The Root of Heaven and Earth
The Chinese Jiéqì (节气) (Solar Term) calendar is but one example of an approach to season that embraces this, as befitting the cultural-philosophical milieu which gave us the Tao. It divides the year into 24 “micro-seasons” each about 15 days long. They’re defined by the position of the Sun relative to the ecliptic – thus it’s primarily an astronomical calendar.
But in spite of this, it acknowledges the phenological festivals as key originating moments of each season, and each solar term is named for common phenological observations that arise during their span.

Chinese postage stamps featuring the solar terms of spring
Just look at Spring here:
- Lìchūn (立春) – Beginning of Spring (Feb 3–5)

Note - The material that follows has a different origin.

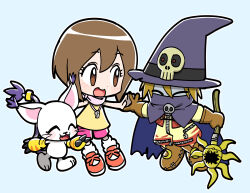  1boy 1girl ^_^ blue_background blush brown_eyes brown_gloves brown_hair cape chibi closed_eyes colored_skin commentary digimon digimon_(creature) digimon_adventure dot_nose english_commentary gloves grey_skin hat high_five highres holding holding_staff looking_at_another open_mouth outline paldu pink_scarf pink_shorts purple_cape purple_hat red_shoes scarf shirt shoes shorts simple_background skull sleeveless sleeveless_shirt smile staff tailmon whistle whistle_around_neck witch_hat wizarmon yagami_hikari yellow_shirt zipper 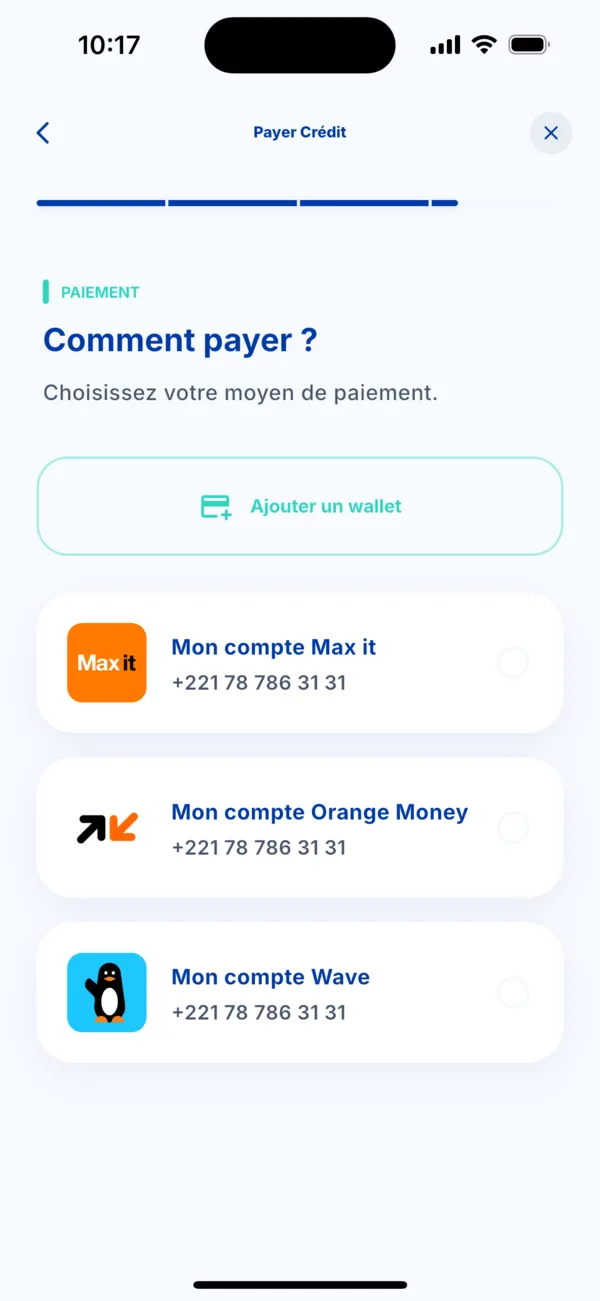 Choisir le moyen de paiement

- Yǔshuǐ (雨水) – Rain Water (Feb 18–20)
- Jīngzhé (惊蛰) – Awakening of Insects (Mar 5–7)
- Chūnfēn (春分) – Spring Equinox (Mar 20–22)
- Qīngmíng (清明) – Clear and Bright (Apr 4–6)
- Gǔyǔ (谷雨) – Grain Rain (Apr 19–21)
Anyway, all I have to say is that I really like that.
Holding both origin points for each season in mind has been one of the most enriching and connecting practices I've enjoyed over the years, and I’d invite you to play around with trying on different season-hats and see how they fit moment to moment. It might jiggle something loose, release something, idk.
I always think about when I was child, and I had very little understanding of where exactly the seasons fell. And, you know, I always felt super weird on January 1st because I had internalised the idea that it was the first day of spring, because the big winter festival period had ended. I say this because I know a lot of people still have this experience, whether they’re consciously aware of it or not.
These dim months are much more enjoyable – and manageable – when they’re given their due, and their proper place within the cycle of light and day, arising and falling. Winter is hard: we need more light, cold is bad. That’s all true, but knowing that not just in our minds, but our bodies, can really help.
There’s also something relentlessly mystical and non-dual about seeing the seasons within each other. This too shall pass. 😎
As a final disclaimer: as a Brit I am not bound by the strictures of Punxsutawney Phil, and thus would like to take this moment to wish you a happy first-day-of-spring.